» **Problem requirements**: First find the line with "Now I'm opening the actual" in the entries below, then set down exactly every line through the line with "Before starting to", that line included.

» **Data for the task**:
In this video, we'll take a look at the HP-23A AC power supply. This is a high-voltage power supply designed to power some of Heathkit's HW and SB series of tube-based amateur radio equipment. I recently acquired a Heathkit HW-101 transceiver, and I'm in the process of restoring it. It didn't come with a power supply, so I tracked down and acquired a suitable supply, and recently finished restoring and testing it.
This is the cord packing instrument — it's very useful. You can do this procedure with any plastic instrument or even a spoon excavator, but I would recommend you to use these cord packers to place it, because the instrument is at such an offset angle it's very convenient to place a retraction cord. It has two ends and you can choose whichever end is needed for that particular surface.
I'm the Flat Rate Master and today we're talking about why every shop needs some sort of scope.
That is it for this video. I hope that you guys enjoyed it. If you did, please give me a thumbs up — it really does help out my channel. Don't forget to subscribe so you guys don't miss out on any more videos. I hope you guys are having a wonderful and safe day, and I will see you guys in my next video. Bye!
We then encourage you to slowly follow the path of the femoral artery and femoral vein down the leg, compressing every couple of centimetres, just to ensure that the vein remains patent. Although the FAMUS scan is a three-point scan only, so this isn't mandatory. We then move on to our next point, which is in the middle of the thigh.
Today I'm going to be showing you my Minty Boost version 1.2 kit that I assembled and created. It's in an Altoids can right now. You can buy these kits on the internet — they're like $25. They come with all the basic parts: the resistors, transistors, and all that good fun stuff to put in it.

==

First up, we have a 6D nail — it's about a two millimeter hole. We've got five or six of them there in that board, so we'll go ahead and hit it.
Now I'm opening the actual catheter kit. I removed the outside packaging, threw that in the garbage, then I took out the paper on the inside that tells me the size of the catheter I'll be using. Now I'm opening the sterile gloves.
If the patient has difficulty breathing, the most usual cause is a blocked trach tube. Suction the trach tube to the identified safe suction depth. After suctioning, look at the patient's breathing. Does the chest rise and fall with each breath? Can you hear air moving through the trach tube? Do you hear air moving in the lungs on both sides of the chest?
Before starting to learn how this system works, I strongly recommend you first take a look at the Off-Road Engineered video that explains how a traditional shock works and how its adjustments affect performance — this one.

» **Written answer**:
Now I'm opening the actual catheter kit. I removed the outside packaging, threw that in the garbage, then I took out the paper on the inside that tells me the size of the catheter I'll be using. Now I'm opening the sterile gloves.
If the patient has difficulty breathing, the most usual cause is a blocked trach tube. Suction the trach tube to the identified safe suction depth. After suctioning, look at the patient's breathing. Does the chest rise and fall with each breath? Can you hear air moving through the trach tube? Do you hear air moving in the lungs on both sides of the chest?
Before starting to learn how this system works, I strongly recommend you first take a look at the Off-Road Engineered video that explains how a traditional shock works and how its adjustments affect performance — this one.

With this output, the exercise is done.